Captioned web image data
┌────────

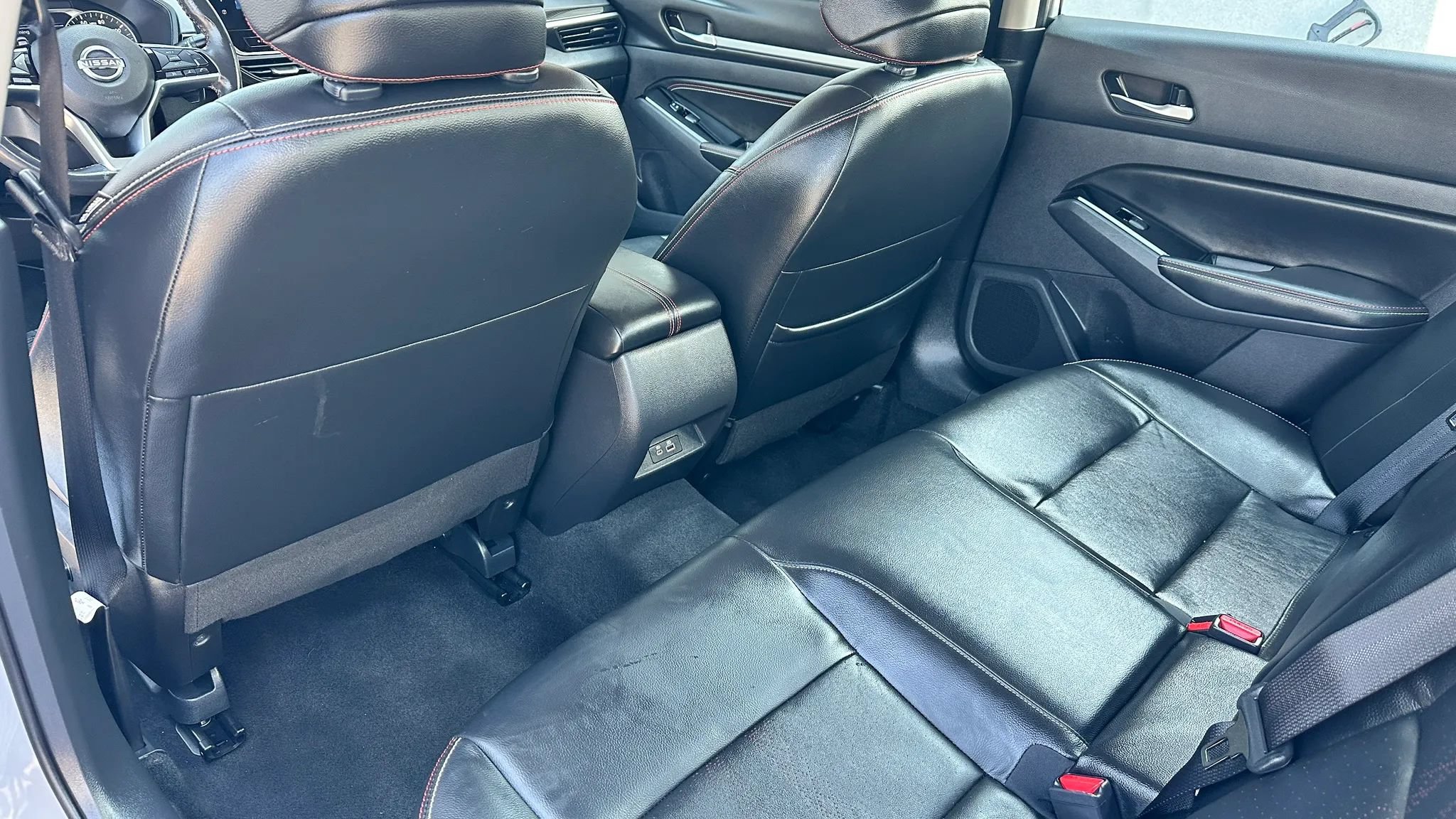 Used 2023 Nissan Altima 2.5 SR w/ SR Premium Package AWD/4WD image 18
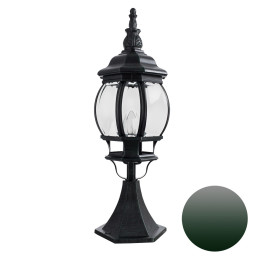 Садово-парковый светильник ARTE Lamp A1044FN-1BGB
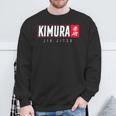 Kimura Camisa Jiu Jitsu Bjj Artes Marciales Brasileñas Camisa de entrenamiento Regalos para ancianos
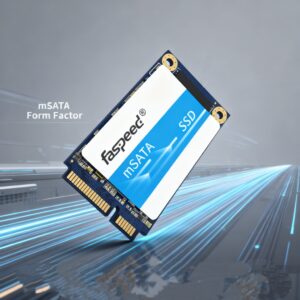 faspeed wholesale msata ssd k6m series | 550mb/s read speed | 3d nand tlc 128gb 2tb | 3 year warranty support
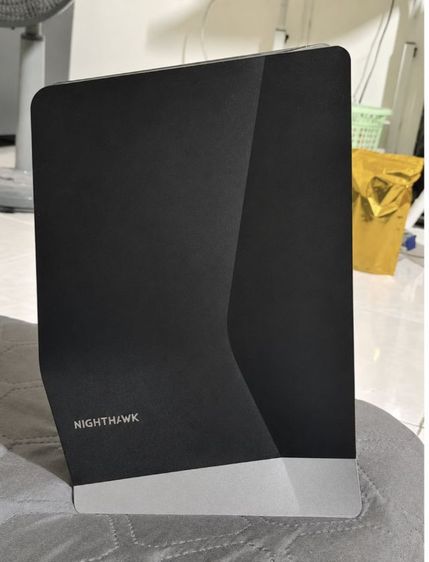 อุปกรณ์เครือข่าย NETGEAR EAX80 Nighthawk AX6000 8-Stream WiFi6 Mesh Extender เครื่องขยายสัญญาณไวไฟ
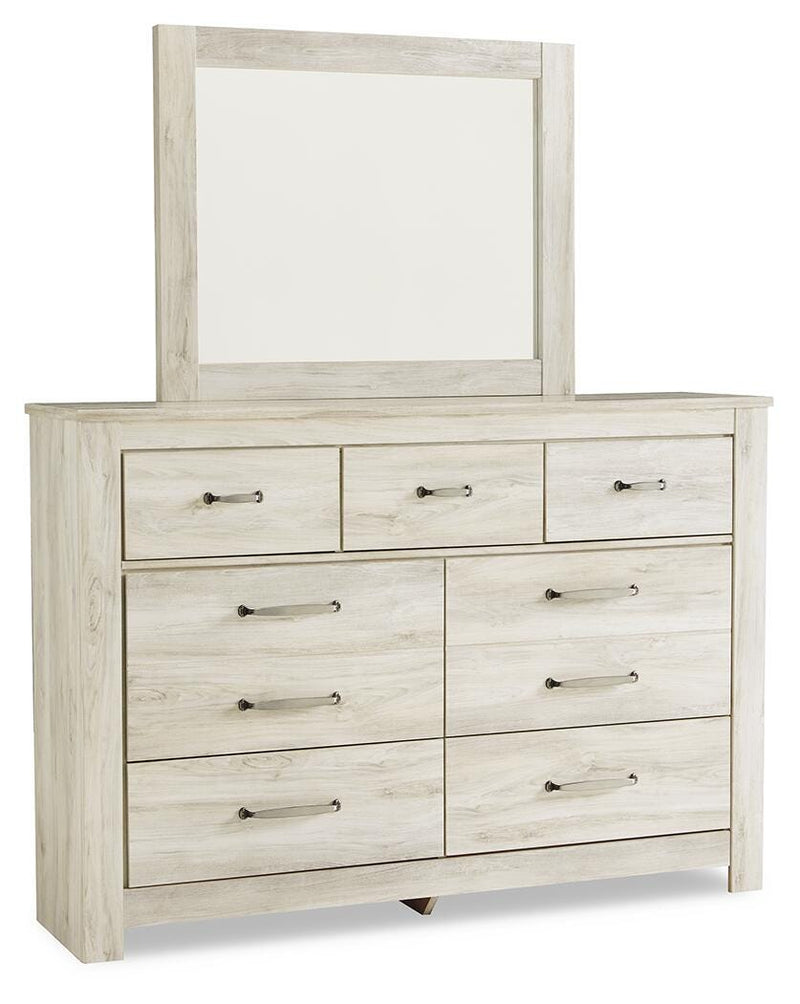 Bellaby Platform Bed Bedroom Set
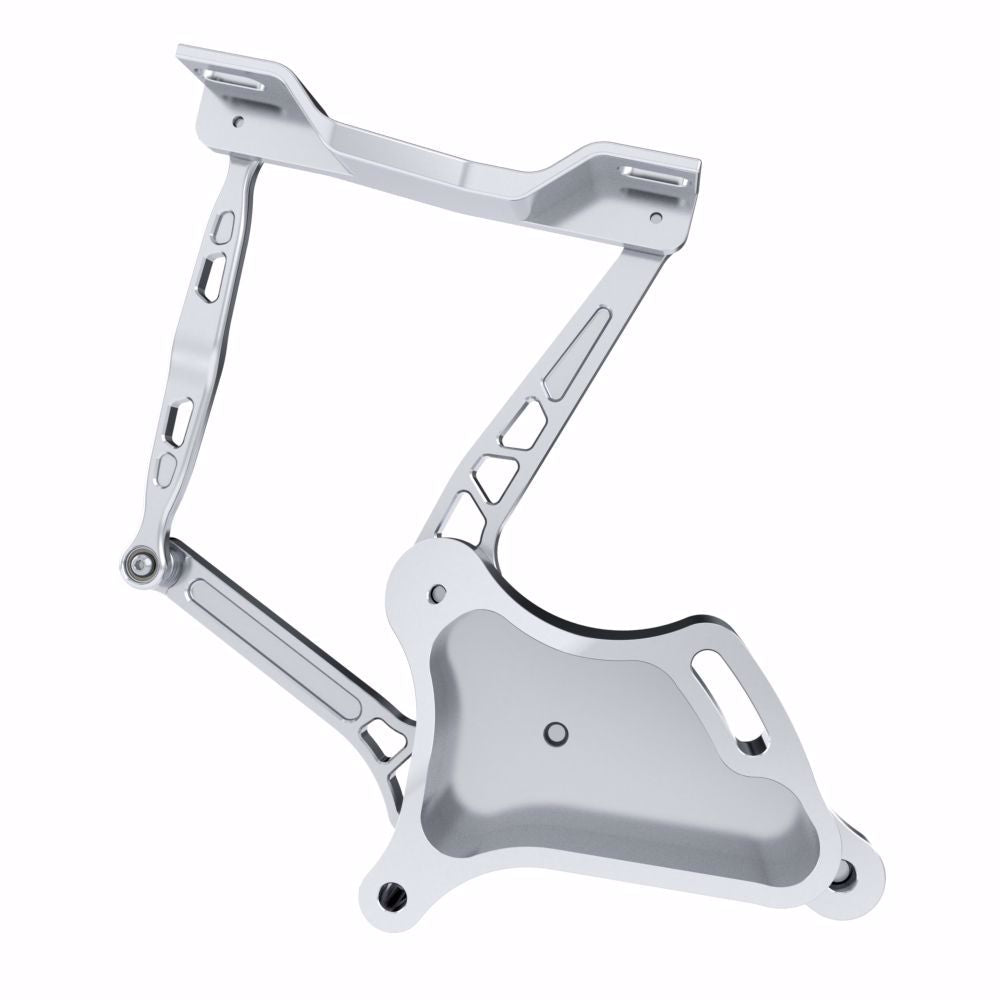 Ringbrothers GM Truck Hood Hinges (1960–1980) | Billet 6061-T6 Pair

└────────

Nothing but the lines from the one containing "Bellaby Platform Bed Bedroom Set" through the last line of the data should appear in the answer, copied exactly, with pictures excluded.

### ANSWER AREA
 Bellaby Platform Bed Bedroom Set
 Ringbrothers GM Truck Hood Hinges (1960–1980) | Billet 6061-T6 Pair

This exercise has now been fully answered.